Can someone explain to me what the point of all these new visual programming things is?

To be fair though, I would have liked this as a child. In fact I had some "create your own games" program that worked a bit like this. When I was 10 I really liked playing around with the Logo.

*with Logo.
Playing "with the logo" is what a Holla Forums larper does.

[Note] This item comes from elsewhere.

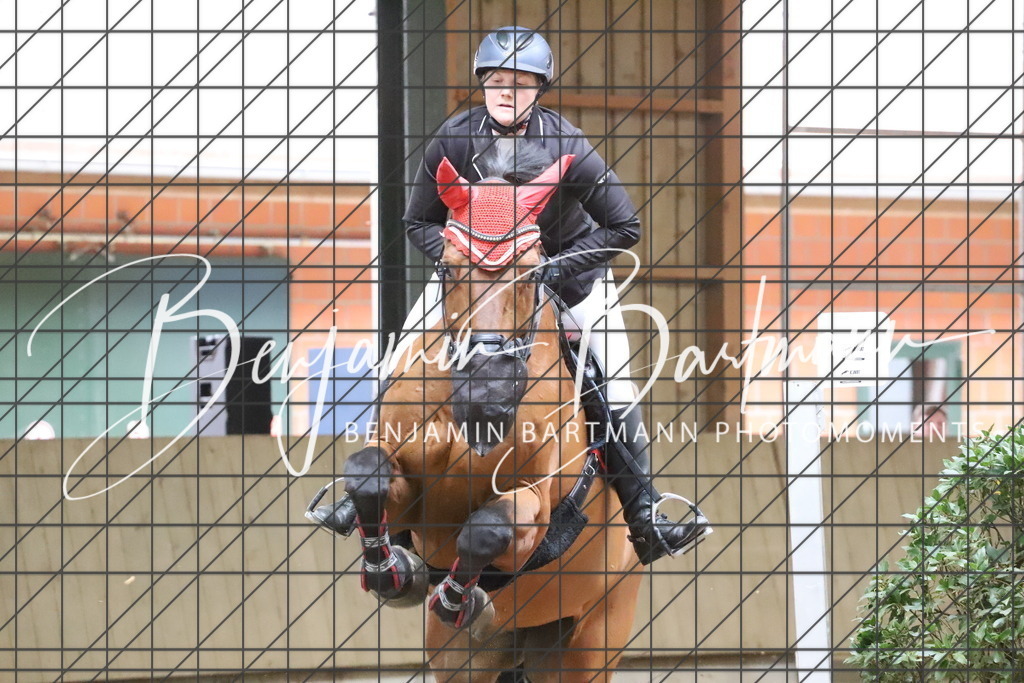 IMG_4038 | Benjamin Bartmann Photomoments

Have any of you actually used it? I used one as part of a paid study in Uni during my first year. Everyone in the study was in Programming 1 and had already completed a couple projects and several labs, yet almost nobody could complete a simple fucking input-output loop in the lego GUI (I was the only one who finished, but I was also the most experienced). The problem is that the GUI is so rigid that you can't even get your ideas down onto the screen. You also don't have a way to quickly select a function if you already know what you want. So if you know you want the print function, you still have to scroll through a sloppy toolbox to go get it instead of just typing it in.

tl;dr, Lego coding actually makes coding HARDER TO LEARN for EVERYONE. If you're worried that it'll encourage more people to enter the industry, worry no more. Lego coding is certain to SCARE PEOPLE AWAY. Languages like Python or Ruby are far more of a threat to your elite ivory tower than this shit is.

Oh yeah, and one more thing. These lego GUIs don't even really add more abstraction than a language like Python. They just replace the normal function names with more "English sounding" phrases and words, and make refactoring a bitch.

That is solved very easily by adding search box to GUI.

Just to be clear, I was talking about LOGO, some younger people here might not know what that was.
en.wikipedia.org/wiki/Logo_(programming_language)

Your problem was that you had ideas of your own. Those restriction and the lack of abstractions are part of what makes these environments easier to use for women and IQ 85 people. Those people don't think (they can't) they just follow instructions and change a value here and there.

I've tried using scratch, it's needlessly hard, nothing is where it should be and everything is too loose to be useful for a beginner. Game Maker's drag and drop was pretty good, it shows you exactly where your stuff needs to go, doesn't give you too many hints off the bat (so your brain actually has to work a bit) and you could mix in drag and drop blocks and code (including putting code in drag and drop blocks) so the change from visual to real code is waaaaay smoother.

We used that on Apple //e computers in first and second grade. Good times.

are you implying women are (sub) IQ 85?